[Date Prev][Date Next][Thread Prev][Thread Next][Date Index][Thread Index]

Re: Multiple stream operator watermark handling

On Thu, May 24, 2018 at 7:26 AM, Piotr Nowojski <piotr@xxxxxxxxxxxxxxxxx> wrote:
From top of my head I can imagine two solutions:

1. Override the default behaviour of the operator via for example org.apache.flink.streaming.api.datastream.ConnectedStreams#transform

That seems the safer, but more complicated path.

2. Can you set control stream’s watermark to Watermark#MAX_WATERMARK or maybe Watermark#MAX_WATERMARK - 1 ?

That seems simpler, put potentially perilous if at some point in the future there was some use to control stream watermarks.  Also, would it work if there are no messages in the control stream?  Wouldn't that mean no watermark would be emitted, even if they were hardcoded to Long.MAX_VALUE? In which case, the operator default for the stream would be used, which would still be Long.MIN_VALUE.

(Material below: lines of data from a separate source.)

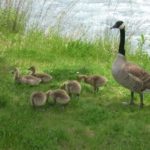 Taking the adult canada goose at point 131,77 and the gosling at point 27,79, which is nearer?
the adult canada goose at point 131,77

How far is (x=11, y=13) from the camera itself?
1479 centimetres

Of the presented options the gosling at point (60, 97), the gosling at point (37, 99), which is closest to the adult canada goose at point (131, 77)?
the gosling at point (60, 97)

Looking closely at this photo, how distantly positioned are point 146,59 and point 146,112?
14.2ft

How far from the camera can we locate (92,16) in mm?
17562

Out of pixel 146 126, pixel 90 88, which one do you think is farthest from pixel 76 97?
pixel 146 126

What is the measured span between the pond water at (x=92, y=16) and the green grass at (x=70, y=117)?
3854 mm

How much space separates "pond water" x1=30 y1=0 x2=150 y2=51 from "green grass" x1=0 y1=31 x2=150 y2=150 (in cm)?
385

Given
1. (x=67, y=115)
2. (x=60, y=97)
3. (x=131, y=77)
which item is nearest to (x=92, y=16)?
(x=131, y=77)

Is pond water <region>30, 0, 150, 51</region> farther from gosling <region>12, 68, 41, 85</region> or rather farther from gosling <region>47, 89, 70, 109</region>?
gosling <region>47, 89, 70, 109</region>

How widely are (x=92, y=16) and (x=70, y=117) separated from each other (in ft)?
31.6

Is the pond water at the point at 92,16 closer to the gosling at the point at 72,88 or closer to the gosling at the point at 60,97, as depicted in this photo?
the gosling at the point at 72,88

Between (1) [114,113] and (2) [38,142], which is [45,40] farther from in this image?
(2) [38,142]

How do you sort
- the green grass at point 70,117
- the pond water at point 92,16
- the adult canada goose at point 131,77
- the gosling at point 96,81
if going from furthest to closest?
1. the pond water at point 92,16
2. the gosling at point 96,81
3. the adult canada goose at point 131,77
4. the green grass at point 70,117

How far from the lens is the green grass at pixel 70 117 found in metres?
7.43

BTW, this reminds me of an issue I've mentioned previously, the documentation is lacking on a description of how watermarks are processed by operators.  E.g. when does a window emit watermarks?  what watermarks does it emit?  That seems like a rather large omission, as one of the main features of Flink is event time processing, which puts watermarks almost on equal footing to data and data operations.  Just as the docs describe how data is process, merged, etc, the same should be true for watermarks.